Diagram of the second harmonic generation (SHG) angle measurement system (The transmitted FW is not shown)

The SHW intensity I2(λ2, θ) is determined by Δn(λ2, θ). If the crystal rotates to a specific phase-matching angle θm(λ2) that makes Δn(λ2, θm(λ2)) = 0 hold, then the peak value of I2(λ2, θ) will be at the specific wavelength λ2 in the SHG spectrum, which is determined by the property of the sinc(.) function. This phenomenon is the identified phase-matching condition reached at wavelength λ2. Suppose total N wavelengths exist in the range from \(\lambda_{2}^{1}\) to \(\lambda_{2}^{N}\). As the θ changes in an angular range \([\theta_{\text{m}} (\lambda_{2}^{1} ), \ldots ,\theta_{\text{m}} (\lambda_{2}^{i} ),\theta_{\text{m}} (\lambda_{2}^{i + 1} ), \ldots ,\theta_{\text{m}} (\lambda_{2}^{N} )]\), the peak wavelengths in the SHG spectrum will continuously change in a range of \([\lambda_{2}^{1} , \ldots ,\lambda_{2}^{i} ,\lambda_{2}^{i + 1} , \ldots ,\lambda_{2}^{N} ]\) because the phase-matching conditions for these wavelengths are reached sequentially. Therefore, the SHG spectrum has a single-peak shift in the phase-matching area as θ continuously changes, as shown in Fig. 2.

Fig. 2
figure 2

Single-peak shift in the phase-matching area. (The green line represents the angle dependence of the central wavelength λc(θ))

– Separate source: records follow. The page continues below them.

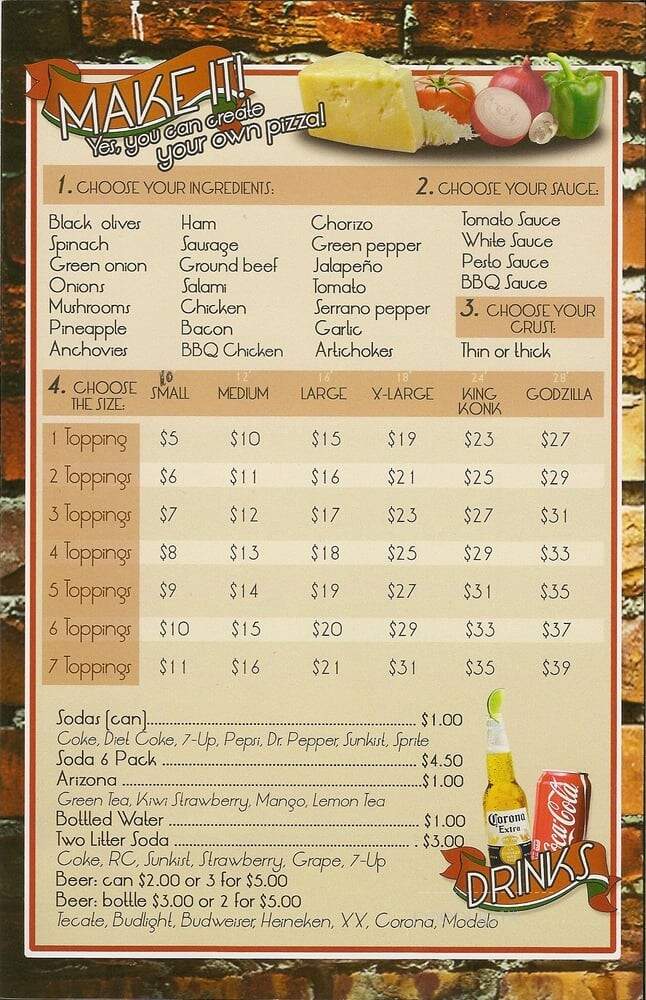 Tony's Pizza - Menlo Park, CA menu_pic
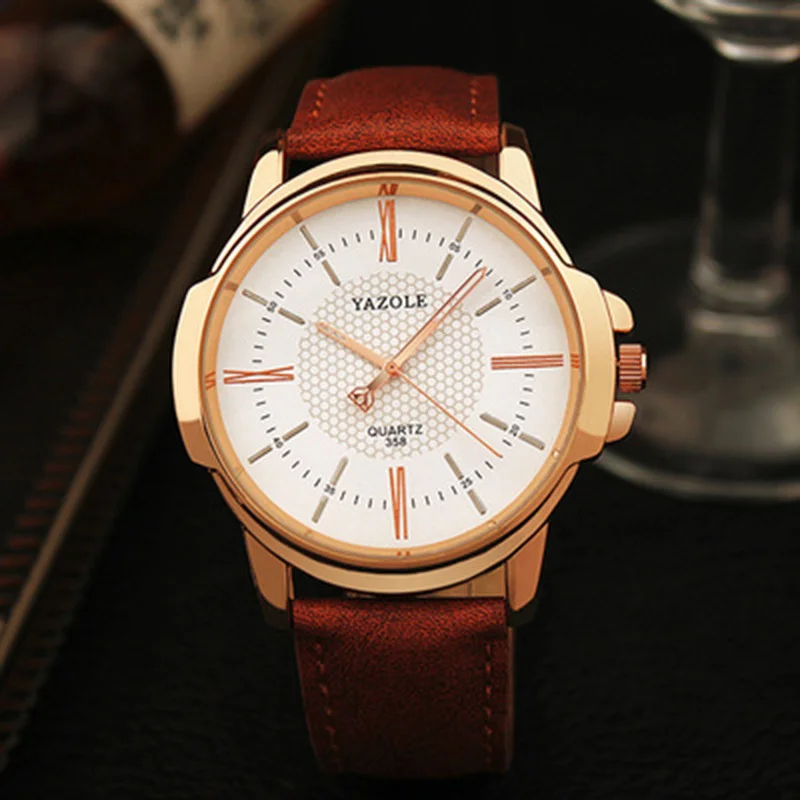 YAZOLE Fashion Wristwatch Top Men\'s Watch Creative High End Leather Strap Life Waterproof Sports Quartz Watch for Men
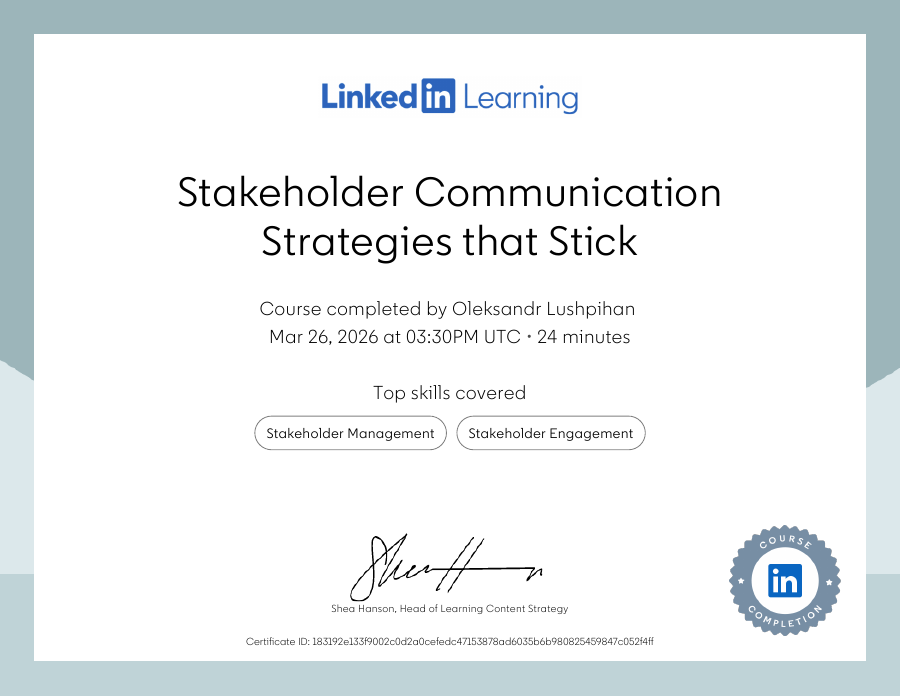 Stakeholder Communication Strategies that Stick certificate preview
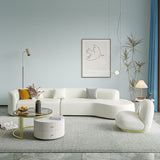 Contemporary Faux Leather Sectional Sofa with Tight Back in Solid Wood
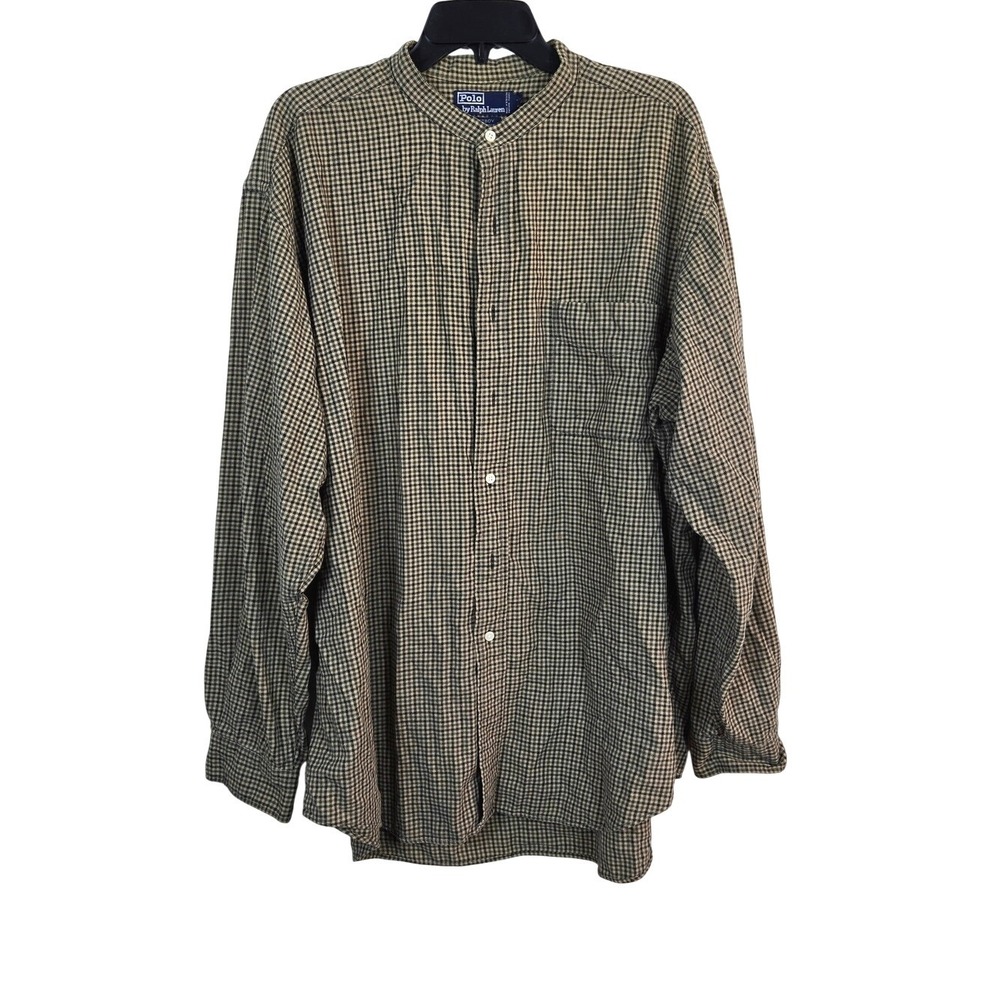 Polo Ralph Lauren Postboy Men Brown Check Mandarin Collar Preppy Button Shirt XL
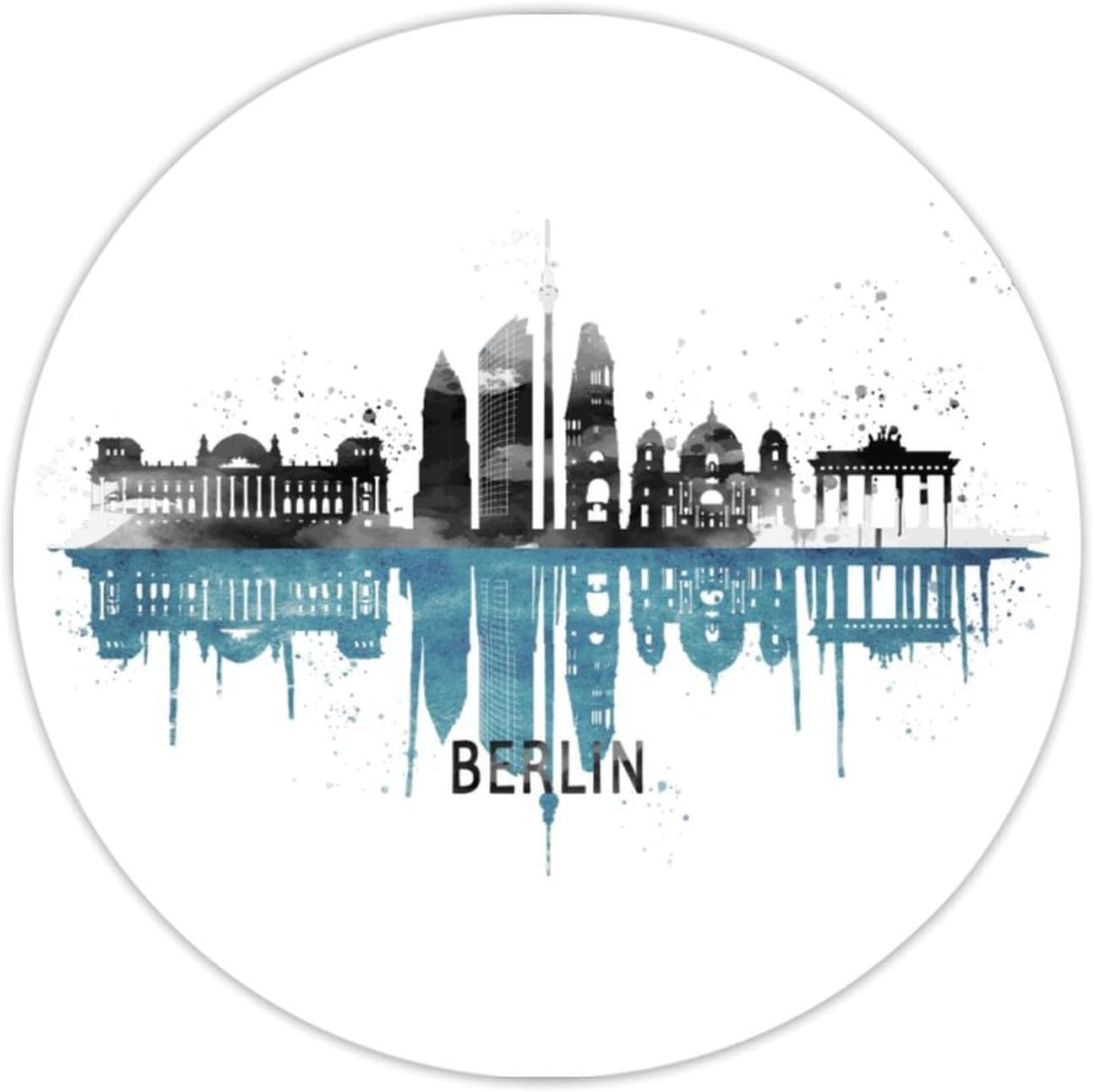 50 Pieces Germany Berlin Skyline Vinyl Sticker Decal City Travel Stickers Pack Landmark Waterproof Water Bottle Stickers Vinyl Stickers for Water Bottle Laptop Phone Scrapbook 2inch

In the previous research, the central wavelength λc is used to denote the angle dependence of the single-peak shift as Eq. (3) [42]:

$$\lambda_{\text{c}} = \frac{{\sum\nolimits_{i = 1}^{N} {\lambda_{2}^{i} I_{2} (\lambda_{2}^{i} ,\theta )} }}{{\sum\nolimits_{i = 1}^{N} {I_{2} (\lambda_{2}^{i} ,\theta )} }}$$
(3)

The central wavelength λc is suitable when only one peak exists in the phase-matching area. As illustrated in Fig. 2, λc (represented by the green line) decreases as the angle θ increases, and its trend is consistent with the peak-shift direction because the peak wavelength has the largest weight in the spectrum.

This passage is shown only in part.